1. Field of the Invention
The present invention relates to the field of speech processing technologies and, more particularly, to reducing a size of a compiled speech recognition grammar.
2. Description of the Related Art
Speech input modalities are an extremely convenient and intuitive mechanism for interacting with computing devices in a hands free manner. Speech input modalities can be especially advantageous for interactions involving portable or embedded devices, which lack traditional input mechanisms, such as a full sized keyboard and/or a large display screen. At present, small devices often offer a scrollable selection mechanism, such as an ability to view all entries and highlight a particular selection of interest. As a number of items on a device increase, however, scroll based selections become increasingly cumbersome. Speech based selections, on the other hand, can theoretically handle selections from an extremely long list of items with ease.
Speech enabled systems match speech input against a set of phonetic representations contained in a speech recognition grammar. Each recognition grammar entry typically contains a unique identifier (i.e., primary key for database and programmatic identification purposes), the phonetic representation, and a textual representation. Multiple recognition grammars can exist on a single device, such as multiple context dependent grammars and/or multiple speaker dependent grammars. An amount of storage space required for containing all device needed recognition grammars can be relatively large when significant numbers of speech recognizable entries exist for a device.
For example, a speech enabled navigation system can include a large database of street names to be recognized, which each have corresponding speech recognition grammar entries. In another example, digital media players can include hundreds or thousands of songs, which are each multiply indexed based on artist, album, and song title, each user selectable indexing mechanism requiring a corresponding recognition grammar.
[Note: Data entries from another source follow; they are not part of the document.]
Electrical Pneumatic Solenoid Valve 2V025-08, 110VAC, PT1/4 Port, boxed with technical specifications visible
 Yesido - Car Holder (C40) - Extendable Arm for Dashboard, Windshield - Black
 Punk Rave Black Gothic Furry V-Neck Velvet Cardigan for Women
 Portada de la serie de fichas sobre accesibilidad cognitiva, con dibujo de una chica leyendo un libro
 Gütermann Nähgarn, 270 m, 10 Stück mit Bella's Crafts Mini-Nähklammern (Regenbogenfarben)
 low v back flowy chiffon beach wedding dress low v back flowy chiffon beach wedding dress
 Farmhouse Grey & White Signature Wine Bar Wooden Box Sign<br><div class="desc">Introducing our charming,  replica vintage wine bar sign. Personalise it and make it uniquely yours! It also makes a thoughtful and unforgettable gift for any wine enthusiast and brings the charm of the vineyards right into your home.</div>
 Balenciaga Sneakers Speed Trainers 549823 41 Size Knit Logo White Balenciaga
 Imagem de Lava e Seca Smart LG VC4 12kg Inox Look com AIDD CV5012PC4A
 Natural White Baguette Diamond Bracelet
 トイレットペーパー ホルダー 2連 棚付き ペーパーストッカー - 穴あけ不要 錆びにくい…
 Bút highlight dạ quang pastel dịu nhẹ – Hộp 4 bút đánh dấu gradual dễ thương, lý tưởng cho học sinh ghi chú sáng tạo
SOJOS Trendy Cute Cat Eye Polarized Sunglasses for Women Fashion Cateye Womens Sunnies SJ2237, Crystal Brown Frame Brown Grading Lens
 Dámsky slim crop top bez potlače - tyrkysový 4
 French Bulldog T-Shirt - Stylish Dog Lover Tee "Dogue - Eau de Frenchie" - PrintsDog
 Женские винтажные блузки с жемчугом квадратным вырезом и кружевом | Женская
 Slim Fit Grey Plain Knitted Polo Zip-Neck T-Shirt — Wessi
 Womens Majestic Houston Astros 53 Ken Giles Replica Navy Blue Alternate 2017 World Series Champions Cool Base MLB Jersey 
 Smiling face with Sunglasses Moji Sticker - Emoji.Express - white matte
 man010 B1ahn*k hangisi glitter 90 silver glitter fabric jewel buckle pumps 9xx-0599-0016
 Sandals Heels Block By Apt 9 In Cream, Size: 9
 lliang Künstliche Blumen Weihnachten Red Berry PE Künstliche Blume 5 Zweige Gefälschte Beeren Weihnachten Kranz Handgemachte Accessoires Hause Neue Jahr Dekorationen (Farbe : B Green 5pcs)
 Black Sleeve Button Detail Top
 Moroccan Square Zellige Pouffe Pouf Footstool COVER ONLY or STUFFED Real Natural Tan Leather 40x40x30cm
Portable devices are typically resource constrained devices, which can lack vast reserves of available storage space. What is needed is a technique to reduce the amount of memory consumed by recognition grammar entries without reducing the scope of the set of items contained in the recognition grammars. Many traditional storage conservation techniques, such as compressing files, are not helpful in this context due to corresponding performance and processing detriments associated with implementing compression/decompression techniques. Any solution designed for conserving memory of resource constrained devices should ideally not cause performance to suffer, since additional processing resources are often as scarce as memory resources and since increased latencies can greatly diminish a user's satisfaction with the device and the feasibility of the solution.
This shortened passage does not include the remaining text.